В семь часов случился настоящий утренний наплыв посетителей, и я, занявшись приготовлением капучино и эспрессо, заставила свой мозг заткнуться хотя бы на время.
Скотт забежал на привычный чай с молоком и специями и, как всегда, заказал стаканчик сметаны на вынос для Мэгги, своего черного лабрадора.
А Диана, воспитательница из детского сада по соседству, заскочила на стаканчик латте с обезжиренным молоком и, роясь в кошельке в поисках скидочной карточки "Старбакса", в стомиллионный раз сказала, что мне следует сменить фотографию на доске "Познакомьтесь с нашими баристами".
- Ты же знаешь, что меня бесит эта фотка, - сказала она. - Ты похожа на рыбу с такими губами.
- А мне нравится, - сказала я.
Джеб сфотографировал меня в прошлый Новый год, когда мы с Теган дурачились, изображая Анджелину Джоли.

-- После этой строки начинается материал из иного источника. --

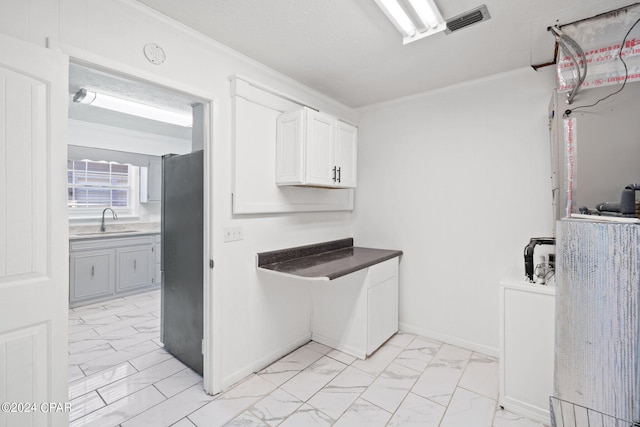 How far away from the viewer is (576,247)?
3.40 feet

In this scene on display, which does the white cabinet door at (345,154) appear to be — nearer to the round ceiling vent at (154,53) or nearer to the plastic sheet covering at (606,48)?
the round ceiling vent at (154,53)

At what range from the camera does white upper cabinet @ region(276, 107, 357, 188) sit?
2.36 meters

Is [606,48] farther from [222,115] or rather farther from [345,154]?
[222,115]

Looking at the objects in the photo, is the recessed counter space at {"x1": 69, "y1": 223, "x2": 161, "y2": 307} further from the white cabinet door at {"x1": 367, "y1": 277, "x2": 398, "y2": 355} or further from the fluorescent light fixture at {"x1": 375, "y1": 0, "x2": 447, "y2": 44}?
the fluorescent light fixture at {"x1": 375, "y1": 0, "x2": 447, "y2": 44}

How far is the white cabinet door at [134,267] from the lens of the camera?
14.0 feet

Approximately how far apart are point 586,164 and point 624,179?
0.54 feet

- Вот уж не знаю почему, - продолжала Диана. - Ты же на самом деле такая красавица, даже с этой… - она взмахнула рукой, указывая на мою новую стрижку, - панковской прической.

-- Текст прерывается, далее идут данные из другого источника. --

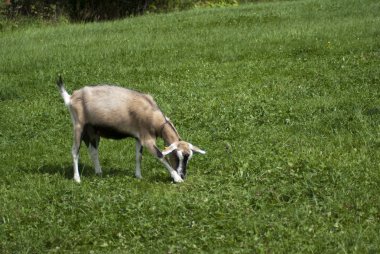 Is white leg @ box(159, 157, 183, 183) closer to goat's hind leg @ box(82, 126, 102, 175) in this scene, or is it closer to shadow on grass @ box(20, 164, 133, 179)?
shadow on grass @ box(20, 164, 133, 179)

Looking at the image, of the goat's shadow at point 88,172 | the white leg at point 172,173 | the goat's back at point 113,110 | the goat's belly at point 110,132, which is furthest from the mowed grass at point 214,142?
the goat's back at point 113,110

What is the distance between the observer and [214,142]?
425 inches

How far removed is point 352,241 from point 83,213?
2937 mm

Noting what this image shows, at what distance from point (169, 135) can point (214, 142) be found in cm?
152

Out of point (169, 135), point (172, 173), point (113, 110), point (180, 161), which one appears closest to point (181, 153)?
point (180, 161)

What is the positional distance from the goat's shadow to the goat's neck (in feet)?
1.55

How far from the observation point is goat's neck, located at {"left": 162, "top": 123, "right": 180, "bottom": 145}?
9398 mm

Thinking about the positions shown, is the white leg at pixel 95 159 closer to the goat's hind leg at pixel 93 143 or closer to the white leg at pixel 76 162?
the goat's hind leg at pixel 93 143

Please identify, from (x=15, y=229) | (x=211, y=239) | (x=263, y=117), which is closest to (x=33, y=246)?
(x=15, y=229)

Панковская прическа. Господи!
- Она не панковская, - возразила я. - Просто розовая.
Диана нашла карточку и протянула ее мне:
- Ага! Вот, держи.
Я засчитала скидку и вернула карточку Диане, и она помахала ею у меня перед лицом, прежде чем забрать заказ.
- Живо смени фотографию! - приказным тоном произнесла она.

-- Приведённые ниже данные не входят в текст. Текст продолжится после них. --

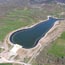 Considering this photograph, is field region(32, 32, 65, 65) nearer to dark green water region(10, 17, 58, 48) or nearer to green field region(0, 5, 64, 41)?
dark green water region(10, 17, 58, 48)

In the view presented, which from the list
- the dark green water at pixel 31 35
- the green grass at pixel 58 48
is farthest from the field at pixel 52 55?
the dark green water at pixel 31 35

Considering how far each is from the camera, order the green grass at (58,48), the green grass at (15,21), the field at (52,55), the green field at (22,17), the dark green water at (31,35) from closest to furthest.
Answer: the field at (52,55) → the green grass at (58,48) → the dark green water at (31,35) → the green grass at (15,21) → the green field at (22,17)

Трое Джонов пришли в восемь часов и, как обычно, сели за столик в углу. Все как один уже пенсионеры, они любили по утрам пить чай и решать судоку.
Джон Номер Один сказал, что моя новая прическа делает меня "очень секси", и Джон Номер Два велел ему прекратить со мной флиртовать.
- Она тебе во внучки годится, - прибавил он.
- Не волнуйтесь, - заметила я. - Любой, кто произносит слово "секси", автоматически лишает себя шансов.
- Ты имеешь в виду, что раньше у меня шансы были? - поинтересовался Джон Номер Один.
Бейсболка на его голове походила на птичье гнездо.
- Нет, - ответила я, и Джон Номер Три громко засмеялся.
Он хлопнул ладонью по ладони поднявшего руку Джона Второго, и я покачала головой. Мальчишки.
В восемь сорок пять я развязала фартук и объявила, что ухожу на перерыв.
- Отлучусь по делам, - сказала я Кристине, - но скоро вернусь.
- Подожди, - сказала она.
Кристина удержала меня за предплечье, и, проследив за ее взглядом, я поняла почему. В кофейню вошел самый главный чудик Грейстауна, водитель тягача по имени Трэвис, одетый в костюм из фольги. Штаны из фольги, рубашка-куртка из фольги и даже остроконечная шапочка - из фольги.
- Но почему, почему он так одевается? - спросила я, и не в первый раз.
- Может, он рыцарь, - предположила Кристина.
- Или громоотвод.
- Или флюгер, предсказывающий ветер перемен.